“Like giant candles the trees were burning, cherry-red cars were smoking along the embankment. There was an utterly impossible single scream of pain and terror from hundreds of dying and burned people. The forest was ablaze, the sleepers were ablaze, people were ablaze. We rushed to catch the flickering ‘living torches’, to knock the fire out of them, to move them closer to the road, away from the fire. Apocalypse…” - This is how Valery Mikheev, editor of the newspaper ‘Steel Spark’, described the consequences of the terrible railway catastrophe of June 4, 1989, on a section of the Trans-Siberian railway in the Bashkir ASSR (1,500 km east of Moscow).
The cause of the tragedy was damage to a gas pipeline close to the railroad tracks, as a result of which gas quickly began to accumulate in a deserted lowland area. At the beginning of the second hour of the morning, two passenger trains traveling in opposite directions drove into this gas “lake”. One spark or dropped cigarette butt was enough to make hell break loose.
The power of the explosion was almost comparable to that of the Hiroshima nuclear explosion (12 to 16 kilotons of trinitrotoluene). The column of flames was seen from more than 100 kilometers away and the shock wave smashed windows in houses in the town of Asha, 11 kilometers away. In the lowland itself, there was a nightmare: the temperature briefly reached a thousand degrees, the fire engulfed 150 hectares of forest, spread 350 meters of tracks, some railroad cars with people sleeping in them were torn off the tracks and scattered on the mound; others, remaining on the track, were completely burned.
“I woke up when I fell from the second shelf to the floor - and everything around me was already ablaze,” recalled survivor Natalia K. from Adler: “It seemed to me that I was seeing some nightmare dream: the skin on my arm was burning and crawling, a child in flames was crawling underfoot, a soldier with empty eyes was coming at me with outstretched hands, I crawled past a woman who could not put fire out her own hair and the compartment already had no more shelves, no doors, no windows.”

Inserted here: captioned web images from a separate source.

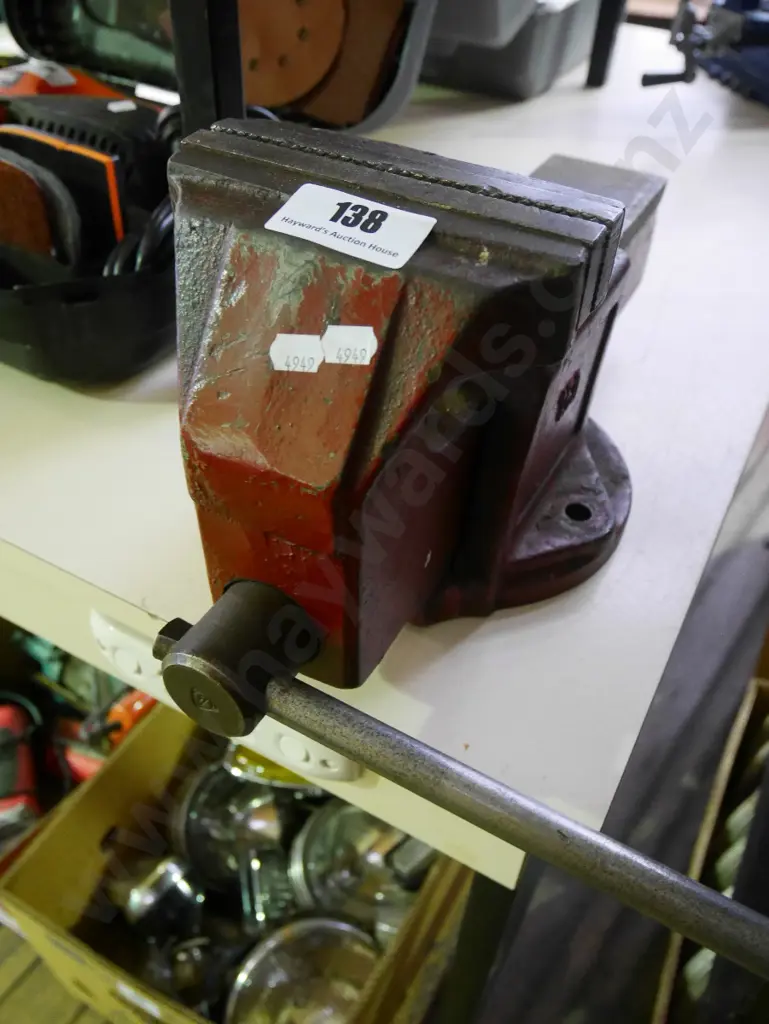 150mm engineer's vice Image 1++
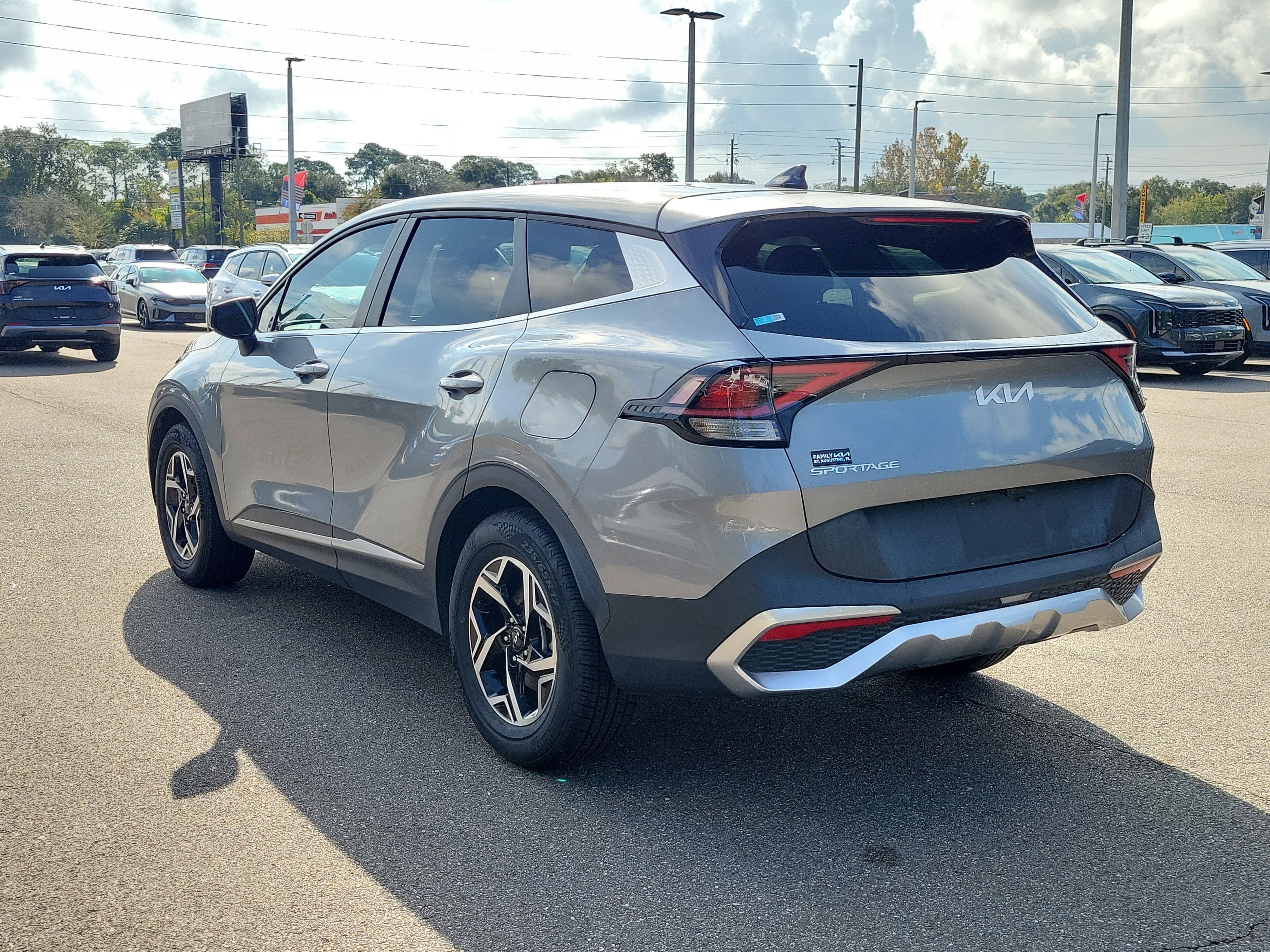 Certified 2023 Kia Sportage LX FWD image 4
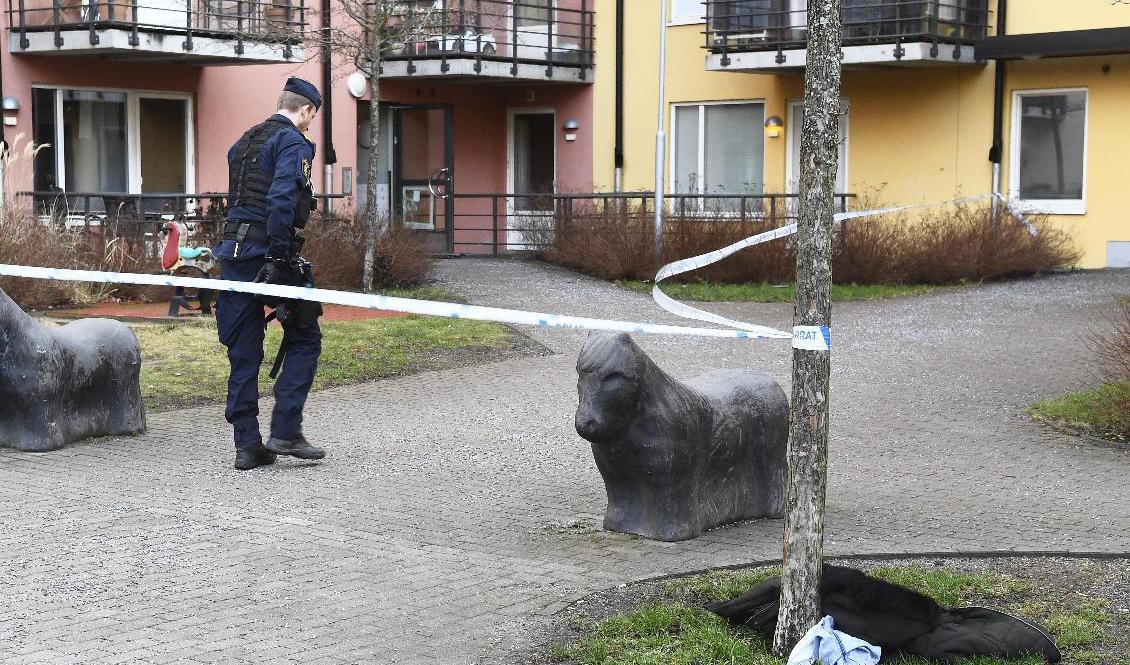 Avspärrningar utanför bostaden i Skogås den 10 februari. Foto: Claudio Bresciani/TT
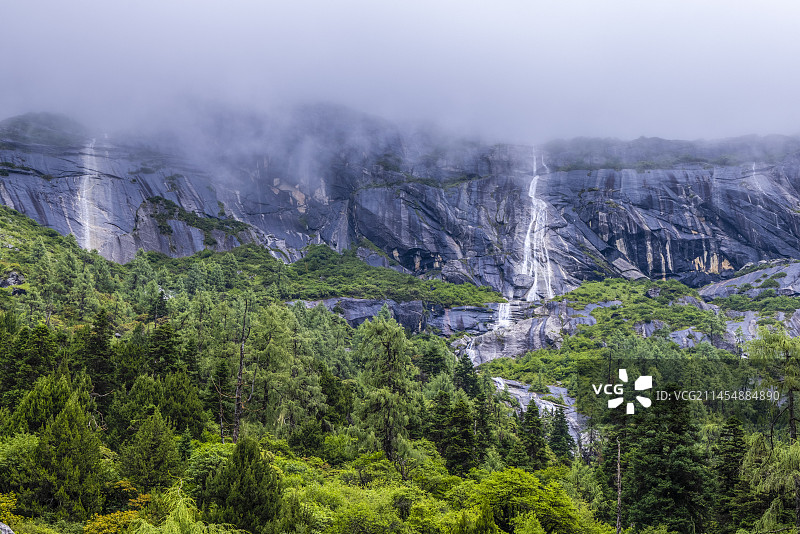 毕棚沟飞龙瀑布图片素材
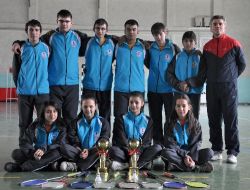 Badmintonda 6 Yıldır Şampiyonluğu Kimseye Kaptırmadılar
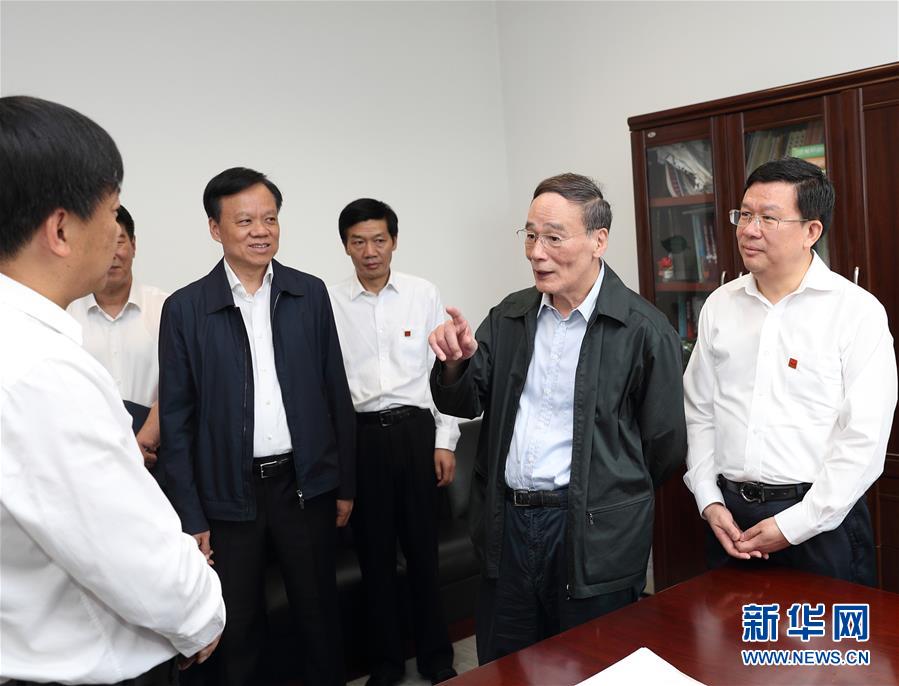 6月20日至22日，中共中央政治局常委、中央紀(jì)委書(shū)記王岐山在貴州省檢查紀(jì)檢監(jiān)察工作。這是6月21日，王岐山在省紀(jì)委與紀(jì)檢監(jiān)察干部親切交流。新華社記者 王曄 攝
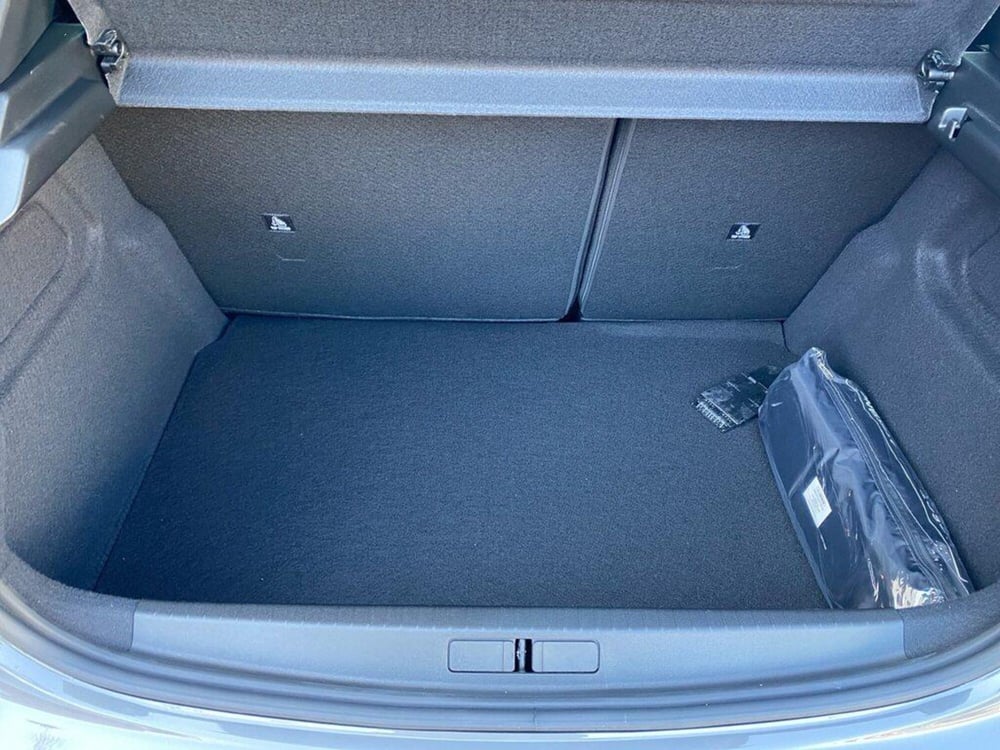 Peugeot 208 nuova a Torino (10)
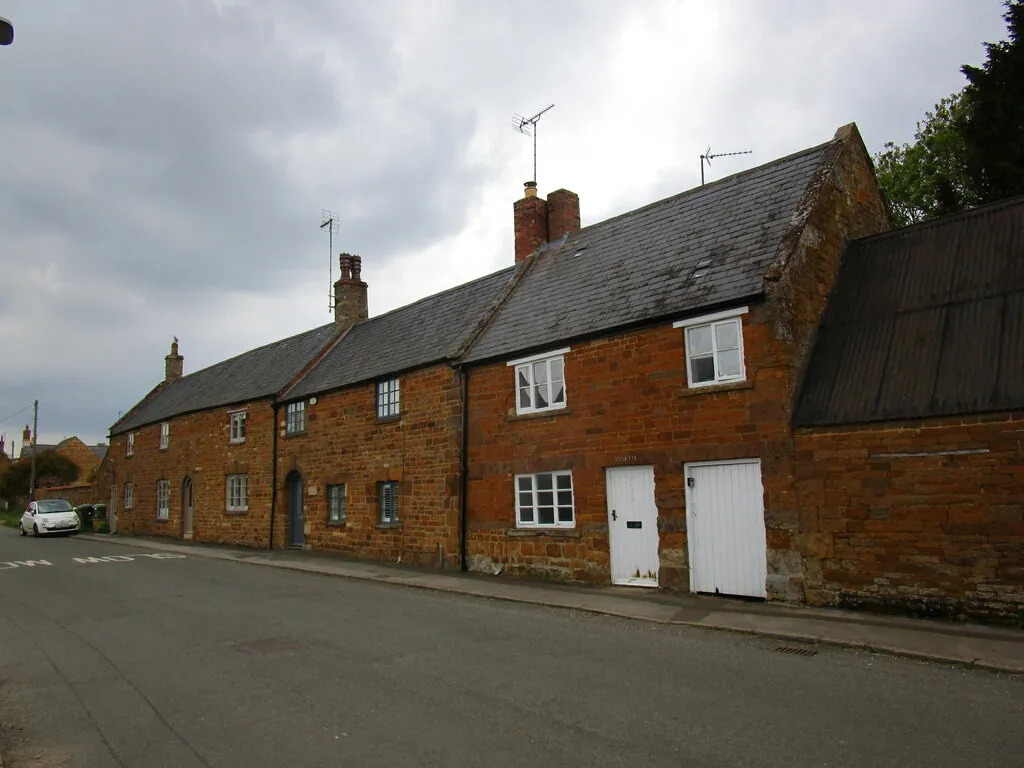 Photo showing: Cottages, Main Street, Lyddington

Five-year-old Tanya Sopilnyak was traveling with her brothers and parents from Siberia to vacation on the Black Sea coast: “The railroad car burned down in three minutes… The door handles got hot and jammed. My mother got burns, because she was grasping the handles - it counted for seconds. We couldn’t break the window. Then the heat cracked the window and we stuck our heads out to get some air... People were screaming and shrieking and then there was silence. There was silence because they died. We had hardly got out when there was a second explosion and our wagon exploded."
When authorities realized what a massive disaster had occurred, all available firefighters, medics and military personnel in the region immediately began to rush to the area. “The picture we saw there resembled the aftermath of a nuclear explosion. When you touch a leaf on a tree, it crumbles in your hands. It was there that I first saw iron burning and aluminum dripping,” recalled Radik Zinatullin, a doctor at a hospital in Ufa. People with severe burns of the respiratory tract, legs, face and torso were taken to hospitals by buses, trucks and helicopters. Many who managed to be quickly brought to the operating table alive, died soon after.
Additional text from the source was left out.